Indeed his sentiment encapsulates much of the endemic traditional perspective of a woman’s innate skills being mainly seductive or sexual and a ‘woman’s place’ being subjugated to men’s.
His view confirms that while there have been some cultural shifts which suggest an acceptance of women progressing in their careers and education, the notion that the man is the head is still strongly held - this in spite of an abundance of international and local research showing that organizations with more women at the helm perform substantially better. If the research findings are accepted and “a policy is developed to systematically encourage and support more women to participate in leadership, Jamaica could make tremendous strides in her economic and social development,” notes gender specialist and WROC board member Linnette Vassell. “Proactive measures to bring more women into the boardroom in all sectors and levels, from those in our schools to the corporate level, are critical if Jamaica is to see the transformation in governance it so desperately needs,” stresses Vassell.

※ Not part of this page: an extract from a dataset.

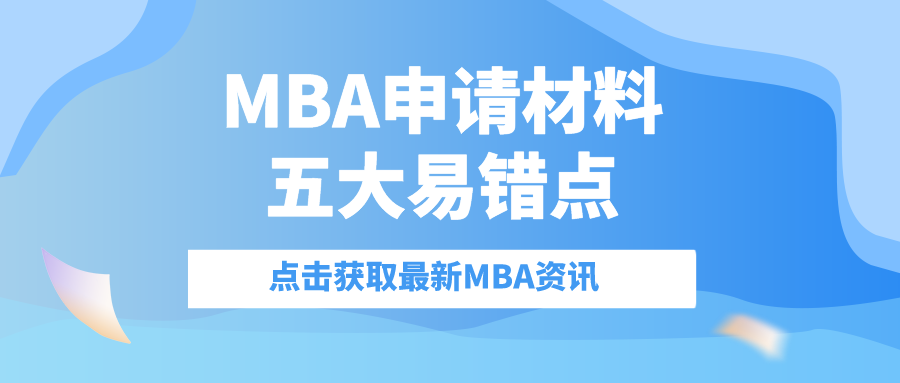 MBA提前面试申请材料有哪些易错点需要注意？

However Business Communication Specialist and Observer Columnist Yvonne Grinam Nicholson disagrees with the idea of a structural framework or quota system that stipulates the distribution of each gender. While she believes that more women should be involved in leadership she says “ these things should evolve naturally because what will happen if it becomes legislated is that they will just pick people to go in the position who might not necessarily be qualified just to make sure that they are within the law,” opines Grinam Nicholson during Bloom, a radio programmed aired on RJR recently. Instead of turning to a quota system she says “women need to retrain themselves to perform in these positions and to make themselves more eligible for the opportunities when they arise.”
Vassell contends however that “instituting quotas is one of the chief strategies that several countries have employed in order to increase the participation of women in leadership and benefit from the unique skills that women bring to the table.” Agreeing that women need to prepare themselves, she also emphasizes that “it is not lack of competence or preparation for leadership that is the main obstacles to women’s higher level of participation, but a host of intertwining issues.” Continuing she asserts that “it is not beyond our competence to ensure that qualified, positive women of integrity are selected to serve, furthermore high standards should equally apply to men”, she added.
It is against this background that a position paper on measures to advance women’s leadership is being developed for discussion and presentation to decision-makers. This is being developed by WROC as one of the key outputs of the Strengthening Women’s Leadership in Jamaica (SWLJ) project being funded by the United Nations Democracy Fund and supported by the Canadian International Development Agency CIDA. Following consultations with close to 200 women across the island and the training of an additional 100 plus women to assume leadership positions on Boards and Commissions, the position paper or policy brief will advance “the overall agenda of women’s empowerment and encourage policymakers to take a gendered approach to governance including the use of a quota system as a special temporary measure,” Vassell outlines.
Social Development Consultant Dr. Deborah Duperly Pinks agrees that allowing and encouraging more women to participate in leadership is integral to any credible development agenda. Duperly Pinks stresses that “you cannot have a policy that is inimical to women being debated and decided upon mainly by men… so it’s important to have all the voices as part of the debate and this is the importance of why women need to be involved at that (policy development) level.” Continuing Duperly Pinks reasons that “if you are on the ‘inside’ you have a better chance of bringing your perspective into the decision making process.”
WROC is hoping to impact that decision making process at the level of boards and commissions through the SWLJ project. In addition to the policy brief , a database of more than 100 professional and grassroots women trained and equipped to assume positions on boards and commissions at all levels is being developed and will be completed by March 2011. It is hoped that the draft policy brief will not only encourage and create pathways for more women to participate in leadership but also help “to foster socio-cultural transformation regarding the understanding and acceptance of the roles men and women are expected to perform so that both sexes can take their ‘rightful’ and equal place in our nation’s decision-making process,” says Vassell.